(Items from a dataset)
● ● ●

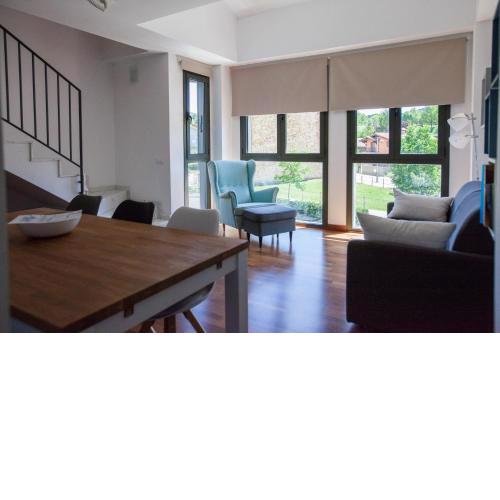Duplex St Pau
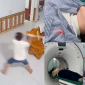 Thông tin gây phẫn nộ vụ chồng đánh vợ nhập viện ở Tuyên Quang, mâu thuẫn xuất phát từ chuyện rất đơn giản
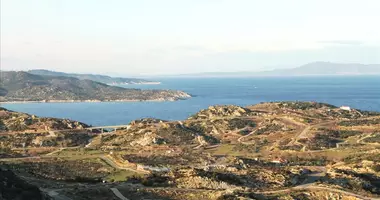 Участок земли в Сикея, Греция
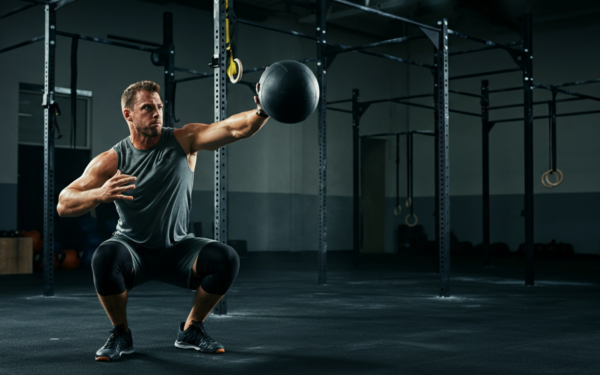 Hyrox 2026: Melhores Exercícios HIIT por Estação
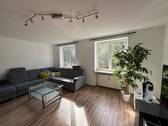 Wohnzimmer - 3 Zimmer Etagenwohnung in Bad Reichenhall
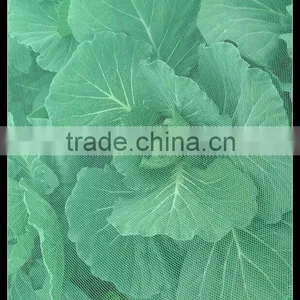 China Factory Wholesale Plastic Anti Hail and Insect Net Mesh Plant Covers thumbnail-1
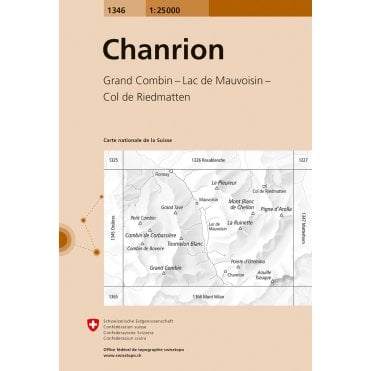 1346: Chanrion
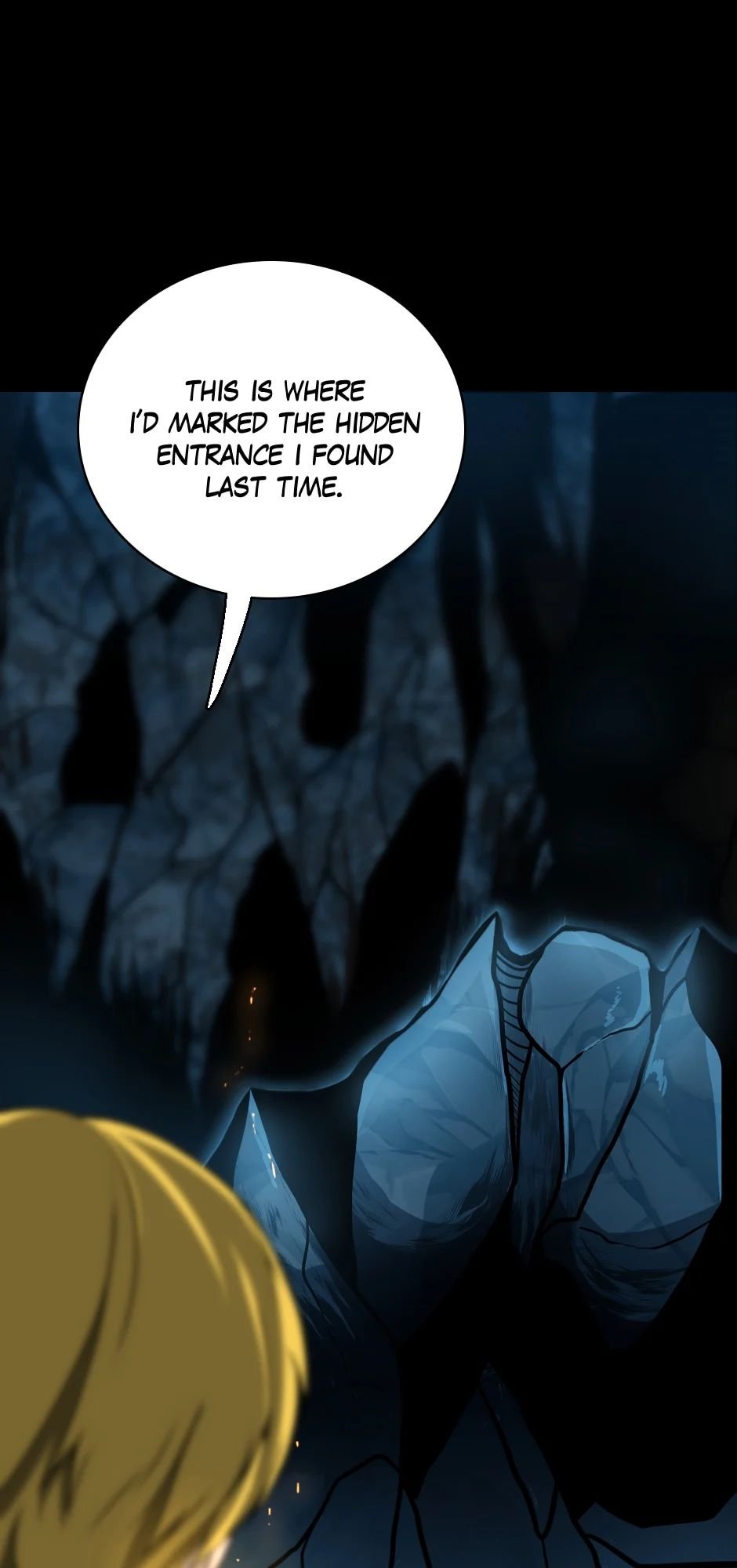 The Beginning After The End Chapter 59 - Page 8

● ● ●

Your task is to restate word for word the lines from the one containing "Wohnzimmer - 3" through the last line of the data, both ends included, with no pictures.

- [WORKED SOLUTION]:
 Wohnzimmer - 3 Zimmer Etagenwohnung in Bad Reichenhall
 China Factory Wholesale Plastic Anti Hail and Insect Net Mesh Plant Covers thumbnail-1
 1346: Chanrion
 The Beginning After The End Chapter 59 - Page 8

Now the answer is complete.